En 2018, su nombre circuló en los
noticieros, tras la muerte de su hijo, ante lo cual pide se deslinde su trabajo
artístico de lo personal, y adelanta que prepara una magna exposición
retrospectiva en la Ciudad de México, para 2022, y trabaja en un cuadro
dedicado a Pedro Páramo, obra de Juan Rulfo.
Sobre el conjunto que integra La
Compañía, Lezama cuenta que el origen está en su infancia, cuando escalaba el
Iztaccíhuatl, con su padre, y descubrió una región donde se asentó la Compañía
de Papel San Rafael.
Dicha empresa se propuso, en el
siglo XIX, un tema de positivismo científico para habitar la montaña sagrada y
entablar un diálogo entre explotación, amor, odio y encuentro fortuito.

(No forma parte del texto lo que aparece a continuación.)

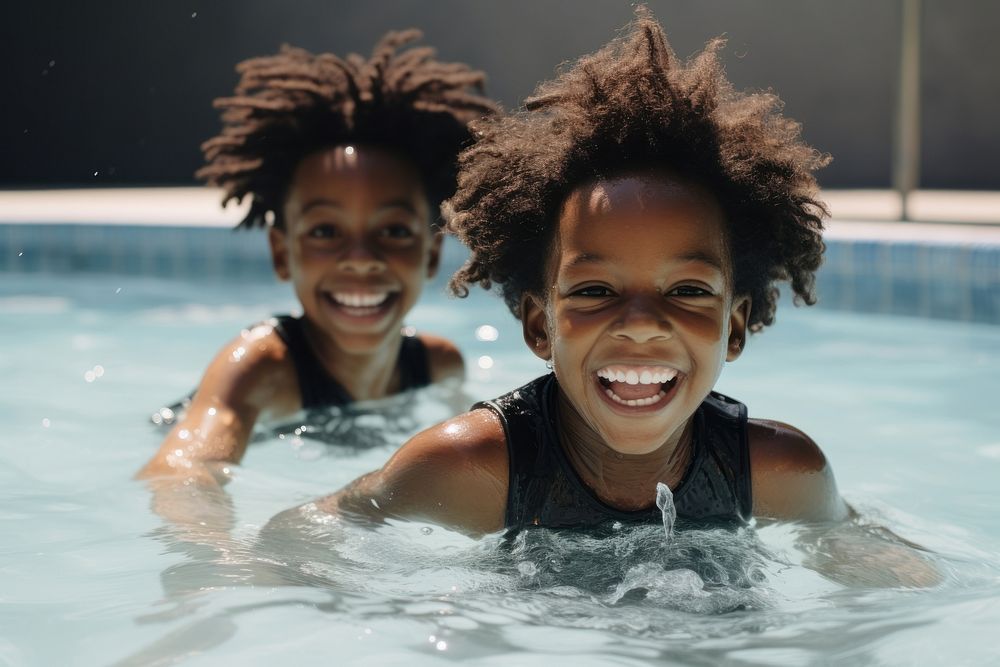 Black kids swimming in a pool photography laughing portrait. AI generated Image by rawpixel.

Finalmente, aquella aventura fracasó, apunta el artista conocido por obras como
La gran noche mexicana.
Al final, lo que hicieron los
positivistas fue una aventura, ellos construyeron una ciudad ideal en medio de
la nada, en una montaña con carácter sagrado, e intentaron explotar o
recanalizar la energía de la naturaleza. Evidentemente primero triunfaron y
luego fracasaron”, comenta a Excélsior.
Entonces, el artista se propuso
jugar con esa materia y representarse a sí mismo como una fábrica que crea
sentido, personajes, escenas, colores, pigmentos y concebir un ritual de
fabricación que metaforizó en la obra.
Una de las piezas es Visor, en la
que aparecen dos niños exhaustos, tumbados sobre un sofá, ante la mirada de dos
adultos en una atmósfera viciada, donde se crean pequeñas figuras antropomorfas
con materia prima de un origen incierto.
No se sabe si los niños están en
un trance o cansados de haber producido manualmente esas esculturas, y ese
trance es utilizado por los adultos, que hacen una especie de sesión
espiritista donde las esculturas cobran vida”, interpreta el artista.

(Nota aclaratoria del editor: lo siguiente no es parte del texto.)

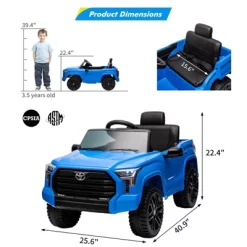 Electric Car For Kids, Licensed Toyota Tundra 12V Electric Truck, Off-Road Kids Pickup Car W/Remote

Así que, en este cuadro “yo no
hablaría de trabajo infantil, sino de procesos y del agotamiento interior al
crear una escena que contiene magia o alguna significación, donde el niño que
tenemos dentro se agota mientras crea”.
¿Hay alquimia en estos cuadros?
“Hay un proceso de alquimia, porque todo lo que hace un pintor es convertir una
cosa en otra. Sus materiales los convierte en portadores de sentido, que es una
forma de alquimia sencilla, pero poderosa. Hay mucho de alquimia, que es una
falsa ciencia, en esta pintura. Es como jugar a representar una ciencia que no
existe. La imaginación también es alquimia”.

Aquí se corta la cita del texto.